On the other hand, it is also important to know that there are all kinds of other things that go on that are allocated or attributed to defence that may not be contributing directly to the defence mission, and that, I think, is something that is worthy of much more substantial analysis.

Many here are aware of the paper we put out last year, entitled Canada Without Armed Forces? In that, there were some attempts to delineate some of the issues in this regard. It is a complex issue.

In direct answer to your original question, "Do we have the capacity?" yes, we have the capacity. I do not think there is any doubt about that. However, the first thing we have to do is to make sure that we know what we are spending on now and that what that is getting us is worthwhile.

Mr. Bland: The question is typically Canadian. "How much should we spend on national defence?" The question I would rather ask is this: "How much do we need for national defence?"
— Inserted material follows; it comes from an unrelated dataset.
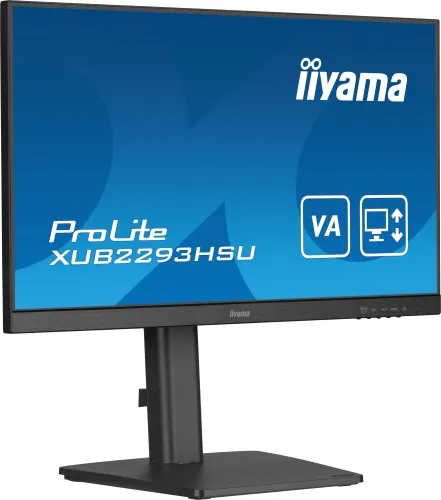 Monitor iiyama ProLite XUB2293HSU-B7 21,5" Full HD IPS 100Hz 1ms MPRT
Senator Forrestall: I was going to ask a third question.

Mr. Bland: Canada can afford enormous amounts of money for national defence if we are sufficiently frightened.

Nobody knows, I do not think, how much is needed for national defence right now. "This is what we are going to give you, after the Cabinet decides all sorts of other things, and this is what is available for National Defence," is typical of the way we have done things for a very long time. That money is then handed to the department, to the minister, to the deputy minister and to the CDS, with the instruction, "Go see what you can get." It would at least be useful to have a normative budget that could tell us what we think we would need, a budget that was developed with a great deal of discipline to keep the service rivalries out of it, and so on. The department tried that in 1986 when Bev Dewar was the deputy minister and General Gerry Thériault was CDS. They designed what was called the "normative process," and after a great deal of difficulty, they added up what was needed for national defence based on the commitments the government had given to the armed forces. At the end of the process, Bev Dewar, whom I respect great deal, said "We cannot tell the government that. Let us have another number."

I am told that someone has computed how much it would cost for 5,000 more people, program costs, not wages — the whole program over time to bring 5,000 more people into the program — and the figure is $1 billion. "We cannot tell the government that! Let us tell them $750,000."

There is this difficulty in deciding how much is enough, although you cannot always come to an exact figure, corrupted by trying to react to the facts of national life. It would be useful if we had — and I am not volunteering — a statement of what we need and then to go from there as a model, as a target, over time to work towards sustaining that kind of a force.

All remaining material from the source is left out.